Earlier, Bradley told a defense attorney that he had left the firm over “a disagreement over Wade’s divorce case,” according to Law & Crime. Such a disagreement could easily be considered privileged information because Bradley was Wade’s divorce attorney at that time, according to Fox News.
However, when Bradley’s supposed “ally” Cross questioned him, she accused him of leaving “under a cloud of two allegations of sexual assault.”
She argued that she was attempting to show that Bradley was biased against Wade and therefore perhaps not credible.
Bradley, unsurprisingly, denied having sexually assaulted anyone and, in fact, denied even being aware of more than one of the accusations.
Cross, in fact, wanted to call a woman to testify about the allegations — presumably Bradley’s accuser — to further attack the credibility of a witness who did little all day but help her side, but McAfee ruled against allowing her to testify, Fox reported.

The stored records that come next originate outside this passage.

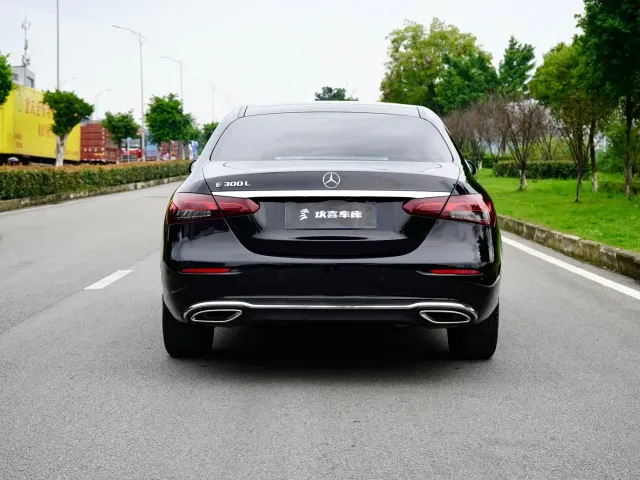 Mercedes-Benz E-Class — Фото автомобиля 5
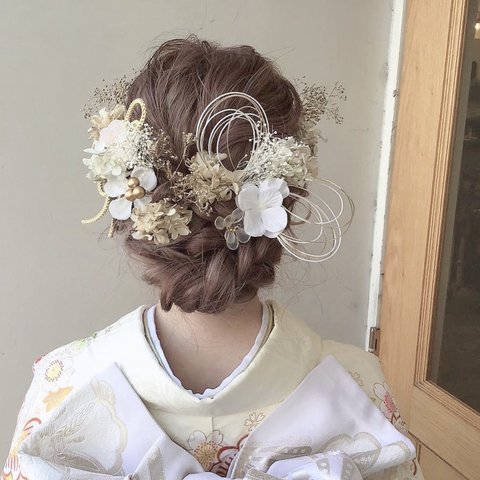 ホワイトミニクリアフラワーmix髪飾り( 水引、金箔set)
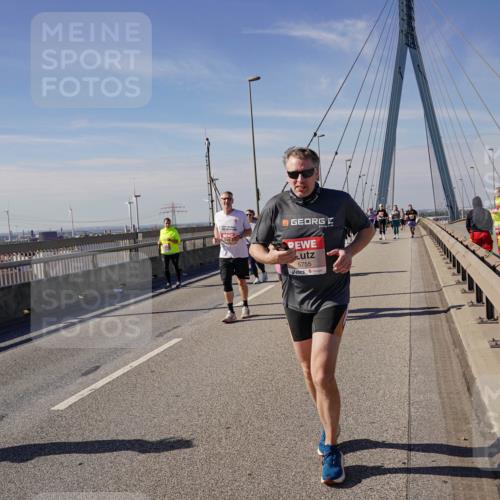 03.10.2025 - Köhlbrandbrückenlauf Michael Burmester http://msf.ph/oto/9118017 03.10.2025 12:59:23 Position 2 5755 meine-sportfotos.de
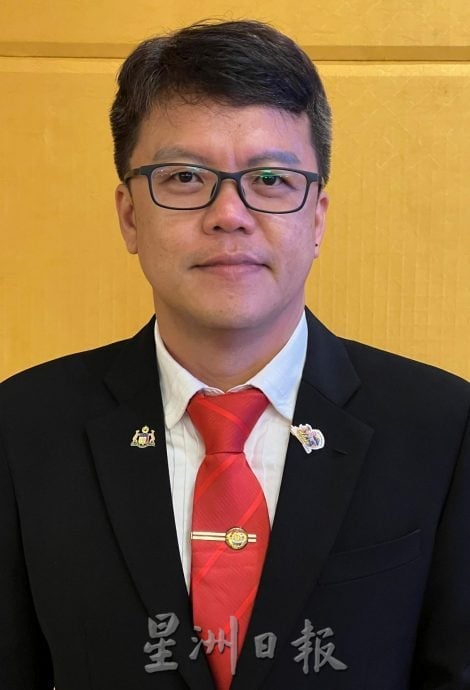 (古城封面主文)峇株汉拔水闸门堆满塑料瓶垃圾·恶臭扑鼻居民忧堵水患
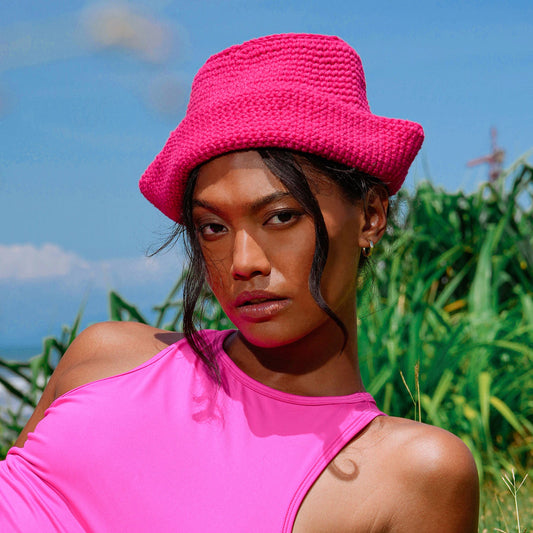 Gorro de crochet GANI en rosa intenso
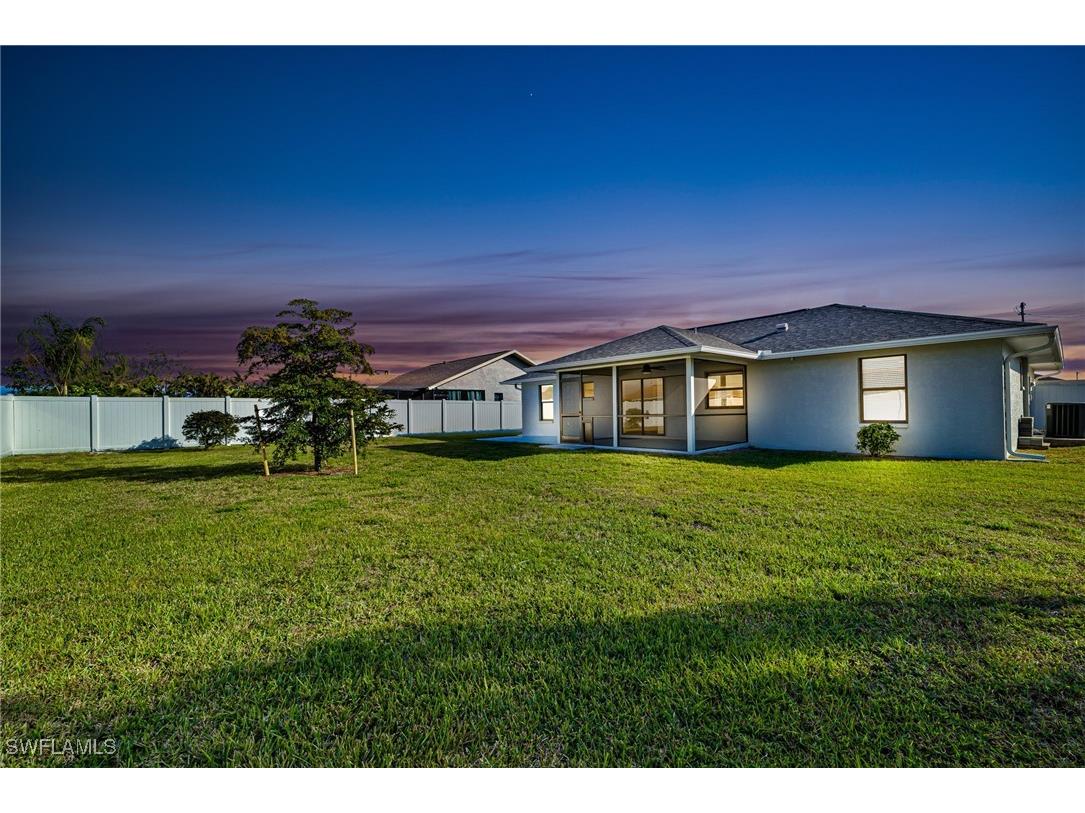 2115 SE 14th Street Cape Coral FL 33990 225002495 image1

His words were enough to get the judge’s attention, however.
“We’ve opened up a whole area — what he’s just responded to — he previously said was privileged,” the judge said. “That doesn’t sound like privilege to me.”
McAfee had already planned an in-camera, or private, review of Bradley’s attorney-client privilege claims with the witness and his attorney. After that review, Law & Crime said, it was likely that Bradley would have to take the witness stand again next week.
“Mr. Bradley previously testified that the reason he left the firm was totally and completely covered by privilege,” the judge said. “When asked by the state, he went into a factual scenario, that, to my mind, I don’t see how it related to privilege at all.
“And, so, now I’m left wondering if Mr. Bradley has been properly interpreting privilege this entire time,” he added.